In a legal complaint filed this morning, potential adoptive parents Steven Lazarus and his partner Mike Splitt, together with Colleen Sandor, asked the court for permission to join in the lawsuit brought earlier this month by Utah Children, a local advocacy group fighting the policy on behalf of the state’s foster children in need of loving homes.

The ACLU and NCLR are representing the three adults who, under the new policy, are barred from adopting because they live with an unrelated adult. Defendants in the case are the Utah Division of Children and Family Services, its Board, and several named officials within the Department of Human Services.

“Utah’s adoption policy is grounded in irrational fear and prejudice toward same-sex and unmarried couples,” said Stephen C. Clark, an attorney with the ACLU of Utah and a litigator in the case. “This policy robs children of the chance to live in stable, loving homes and robs prospective parents of the chance to provide for a needy child.”

The policy prevents gay couples and heterosexual adults with roommates from adopting. It states that “adults present in the home [must be] legally related to parents by blood or adoption or legal marriage.”

In legal papers filed with the court, the ACLU and NCLR said that the discriminatory adoption policy violates the adults’ constitutional rights to equal protection and argued that the policy itself is invalid because DCFS does not have the legal authority to pass it. The groups also said that the state ignores and violates its own law, which authorizes adoption based on “the best interest of the child.”

“Steve and Mike, or Colleen and her partner, could provide all the stability, warmth and care that every child in Utah deserves,” said Jennifer Middleton, an attorney with the national ACLU’s Lesbian and Gay Rights Project who is also litigating the case. “But instead, they are irrationally barred from even being considered as parents.”

“This policy is bad for children, but it’s also unfair to the parents out there who want to adopt,” she said.

The individuals challenging the policy are:

  • Steven Lazarus, 36, and his partner of 12 years, Mike Splitt, 35. Both are meteorologists at the University of Utah. The pair spent last five years mentoring a troubled youth in Oklahoma and currently participate in a youth mentoring program sponsored by the Salt Lake City Homeless Shelter. In 1993, they were unofficially wed in a synagogue by a reform Jewish rabbi. They hope to be able to start a family and would like the option to adopt.
  • Colleen Sandor, 35, is a licensed psychologist in Salt Lake City and has been in a committed lesbian relationship for the past eight years.

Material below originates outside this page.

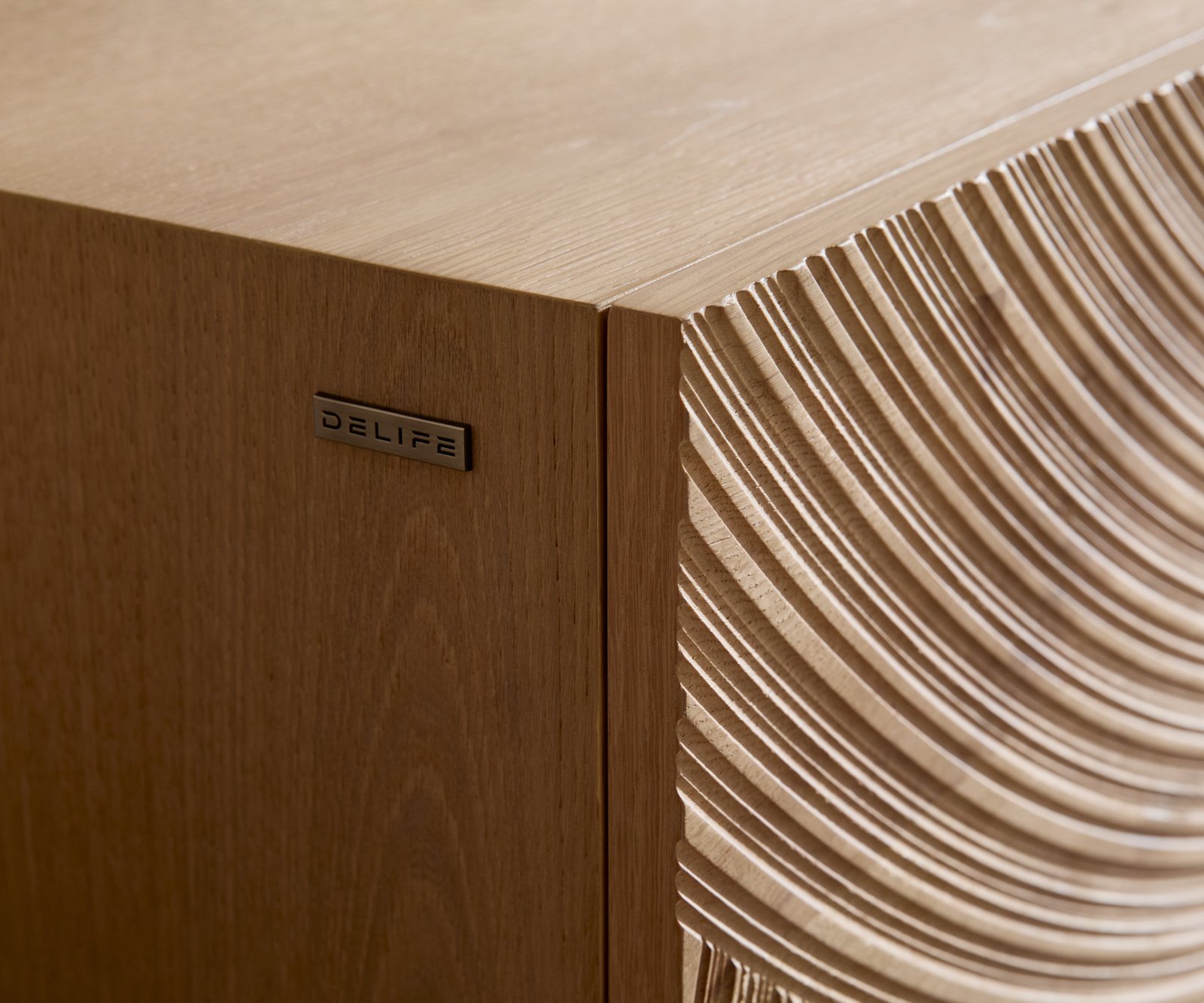 TV stolík Ashara 220 cm dub prírodný 3D efekt 4 dvierka kovová podstava čierna - Image 6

She is the program coordinator for an adult substance abuse treatment team that places special emphasis on treating mothers and children who have been affected by substance abuse issues. She too hopes to be able to start a family and would like the option to adopt.

While Florida remains the only state with a law that expressly bars lesbians and gay men from ever adopting children, Arkansas passed a policy last year prohibiting lesbians, gay men, and those who live with them from serving as foster parents. Both the Florida law and the Arkansas policy are currently being challenged in court by the ACLU. However this past April, New Hampshire repealed a 12-year-old law banning gays and lesbians from foster or adoptive parenting.

The case is Utah Children v. Utah DCFS, et al. Attorneys representing the adult clients are Clark of the ACLU of Utah, Middleton of the national ACLU’s Lesbian and Gay Rights Project, cooperating attorney Laura Milliken Gray of Salt Lake City, and Kathryn D. Kendell and Shannon Minter from the National Center for Lesbian Rights in San Francisco.